Hoje vou fazer referência a um documento datada de 4 de Junho de 1938. É uma comunicação do Chefe do Posto da Guarda Fiscal de Valença ao Diretor Geral da PVDE onde alude a informações transmitidas pela Guadia Civil de Tui.
O teor da comunicação refere-se a um galego de nome José, morador em Salvaterra de Minho. Este galego tinha-se manifestado contra o movimento do General Franco desde finais de Julho de 1936. Perseguido, fugiu para Melgaço onde esteve refugiado em csas de um tal Manuel Lopes, morador em Sainde (Paderne, Melgaço), pelo menos durante seis meses. Depois, viveu  um relacionamento com uma senhora chamada Benesinda Duque, também de Sainde, durante cerca de oito meses e mais tarde foi servente numa casa de S. Martinho de Alvaredo, propriedade de um tal Delfim Alves.

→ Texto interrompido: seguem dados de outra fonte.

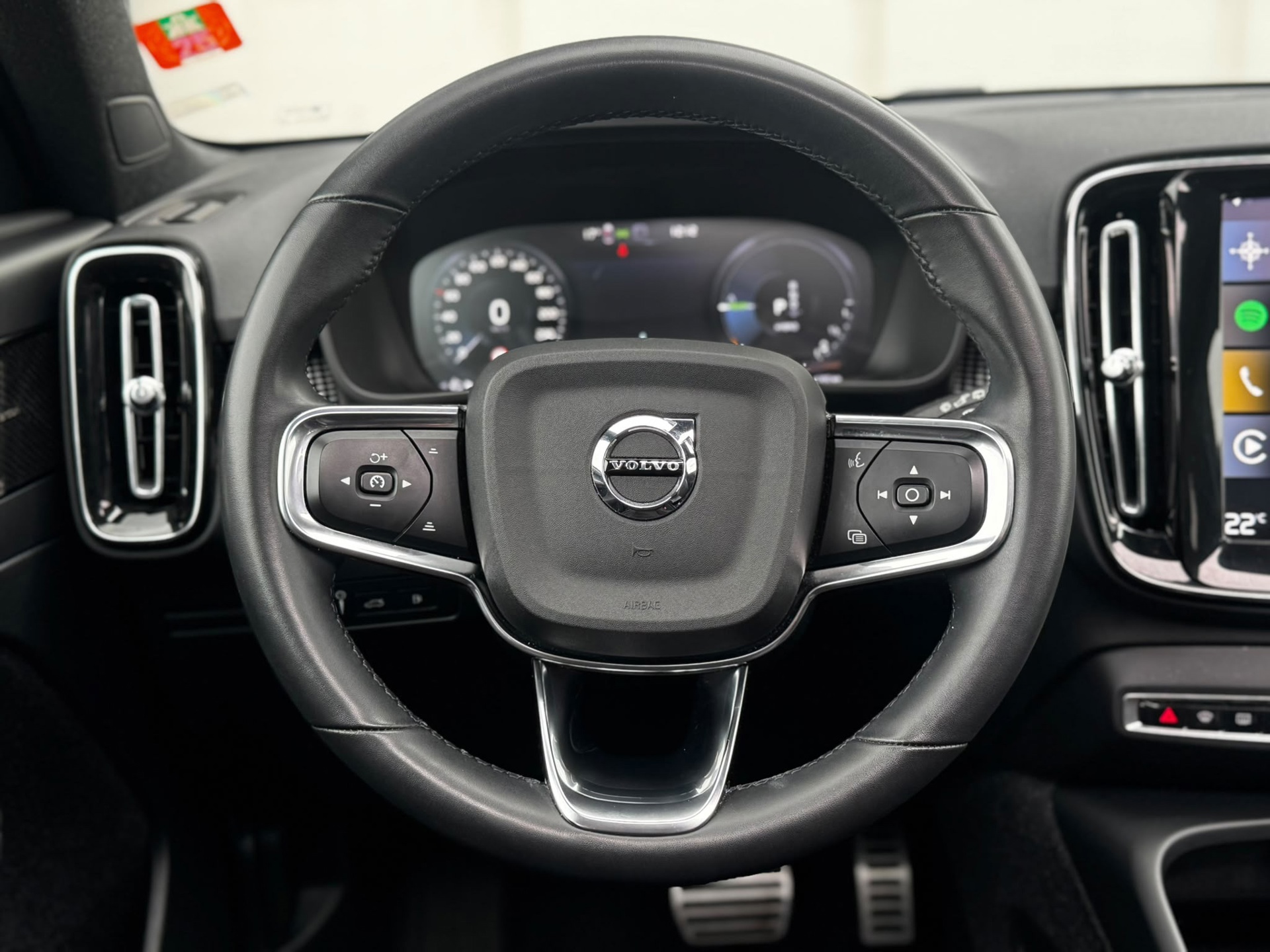 Volvo XC40 1.5 T4 Recharge Inscription Expression (2022), foto 12
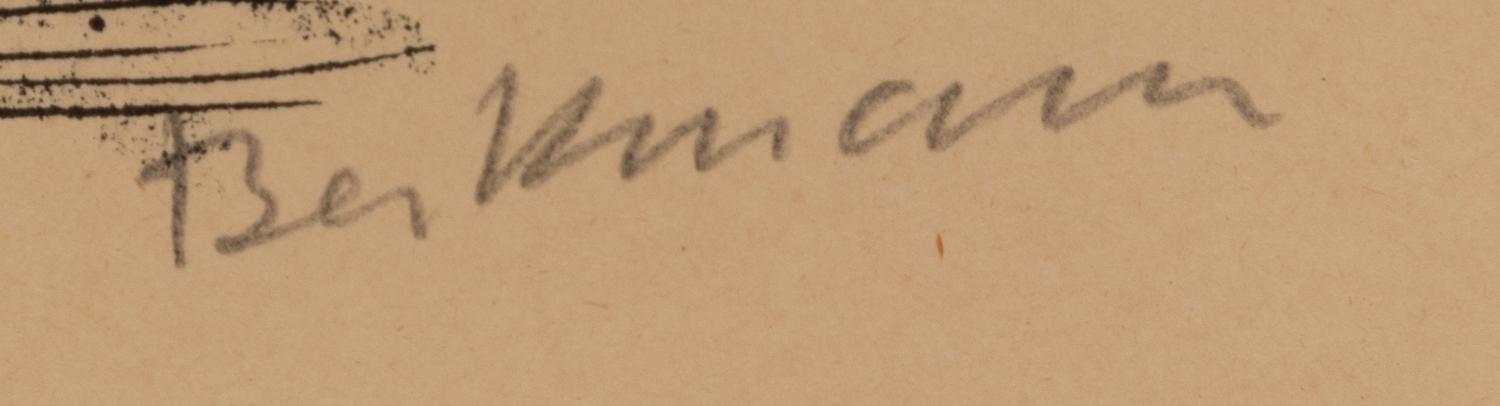 Morning , plate 11 (from Day and Dream )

Posteriormente, esteve em casa de um tal Eduardo conhecido como  o “Resineiro”, altura em que ambos foram presos pelas autoridades portuguesas.
Após a sua prisão, foi expulso de território português pela fronteira de S. Gregório/Ponte Barxas e as autoridades espanholas permitiram que ele fosse até sua casa em Salvaterra de Minho para aí ser detido pela polícia espanhola. Interrogado pelas autoridades espanholas, acaba por confessar que quando esteve escondido em Melgaço, ajudou a Guarda Fiscal a capturar oito comunistas espanhóis, entre eles uma professora chamada Eudosia e os seus pais que ainda à data se encontravam presos em território nacional.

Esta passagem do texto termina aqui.